It is hard to deny Richard Cordray's hiring to run the Consumer Financial Protection Bureau (CFPB) nearly four months ago is a flash point in continuing debates over regulatory appointments and implementing the Dodd-Frank Act.
But with all the angst surrounding his recess appointment, one can almost overlook the massive to-do list he inherited. Cordray is responsible for launching and overseeing an entire regulatory regime — over nonbanks — that never before existed. After an excruciatingly slow start during the months without a permanent director, the CFPB is now moving quickly. Under Cordray's watch, it has designated nonbanks for formal supervision, expanded its processing of consumer complaints and will soon try to succeed where other regulators have failed in streamlining mortgage forms.
Cordray has tried to move past the controversy over his hiring by reaching out to various constituencies. He has spoken at industry conferences all around the country, including his stop two weeks ago at the Consumer Bankers Association convention in Austin, Texas, where CBA President Richard Hunt called the new agency the most accessible in Washington.
ASR affiliate American Banker sat with Corday in Austin to discuss, among other topics, his view on enforcement versus rulemaking, how the CFPB can be responsive to consumers without being political and just what did Dodd-Frank mean by "abusive" practices.
AB: Richard Hunt asked you to expand on comments indicating support for tailoring rules to different-sized banks. How do you reconcile that with the fact the CFPB — with nonbank authority — was designed to level the playing field for all.

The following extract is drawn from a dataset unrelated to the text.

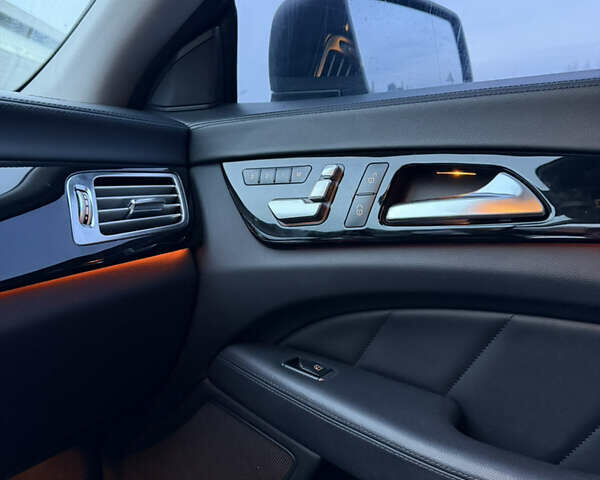 Серый Мерседес ЦЛС-Класс, объемом двигателя 2.99 л и пробегом 275 тыс. км за 19800 $, фото 16 на Automoto.ua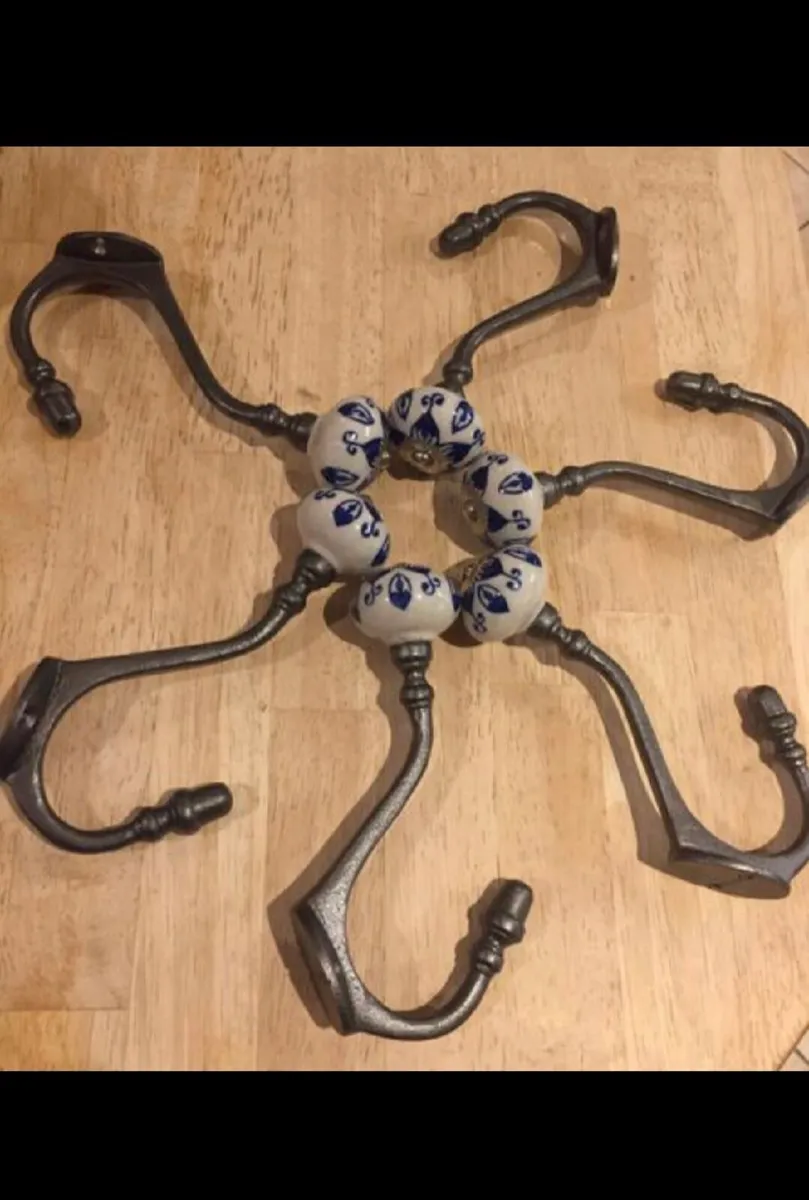 6 x NEW Large Cast Iron Coat Hooks Pumpkin Top - Image 1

Cordray: What I have said is that as we regulate, it just makes common sense for us to think about the burdens that are being placed on thousands of institutions — many of whom we will not be examining ourselves … — and determine whether provisions that are designed sometimes at a degree of specificity necessarily make sense for small institutions that may engage in the marketplace only sporadically.
So again, that's what we're doing with the remittance rule. We're considering whether and, if so, where to set a threshold. That's reflecting the fact that many institutions may only do a remittance transaction on an irregular basis, and it's not part of their normal business. What's important is that we try to level the playing field between banks and nonbanks, who were way off in a different direction. There was something and there was nothing, and that doesn't work. But in a thoughtful, careful way, potentially writing rules that might apply differently at different levels of institutions with different business models, that makes sense. The notion that rules applicable in one consumer market are necessarily exactly the same as would apply in other consumer markets, it's much more situational than that. And I think that's true here. But the important thing is that when there are rules in place, that everybody is held to comply with them on an even-handed basis, it doesn't mean that every particular example is the same.
AB: So is the ultimate goal to level the playing field between small and large institutions? There is obviously tension between the big banks and the small banks on that question.
Cordray: Well, in most of the consumer markets, you take the largest institutions, and you're talking about 80, 85, 90% market share. I just think that it makes sense for us to consider carefully what burdens we're imposing on different types of institutions and be a little bit nuanced about that.
AB: Speaking of regulations, where are you on the "Qualified-Mortgage" — or QM — rule?
Cordray: We recognize that there are links in the chain here, that it's important for us to proceed more quickly because the [separate Qualified Residential Mortgage] rule is … built on and affected by the QM rule. Mortgage markets are waiting on both. We had said …that in the first half of the year we would try to come out with the QM rule, and at this point that's our time frame.
It's a complicated situation, with the QM rule … The mortgage market is so unnaturally depressed at the moment. It was so unnaturally heated before the financial crisis that it feels like we haven't had a natural or sort of sustainable mortgage market for a number of years. And so recent data is not very illuminative on where the mortgage market is going, and that feels like a hard set of calls that we're going to have to make around that. We want to make sure we get that as right as we can, so we're trying to be careful.
AB: You come from an enforcement background, and you've talked about the advantages of using supervision as a tool. But what about your policymaking authority? What tool is more effective: writing rules, or enforcing them?
Cordray: To us there are two different aspects of the rulemaking. There are certain rules that Congress has specified we have to adopt. Many of them have very specific deadlines, many of them have provisions that would kick into play if we were not to meet those deadlines. So it's very important that we do because otherwise institutions would have to go in a different direction and veer back when the rules were written.
Then there are areas where we have rulemaking authority but there's not a particular mandate for us to do something. It's going to be discretionary for us as we see it. On the mandatory rulemaking agenda, there's a lot for us to do in a short time that puts some strains on our ability to deliver, and it puts a premium on us being able to think more quickly, gather data more quickly.
Then there are other issues where we intend to be more broadly consultative and take our time to think through what's the right approach. Rulemaking is a very powerful tool. It's essentially us standing in the shoes of the legislative branch and specifying rules of the road that people have to comply with … It also is an effective tool in some respects if you're trying to affect an entire market.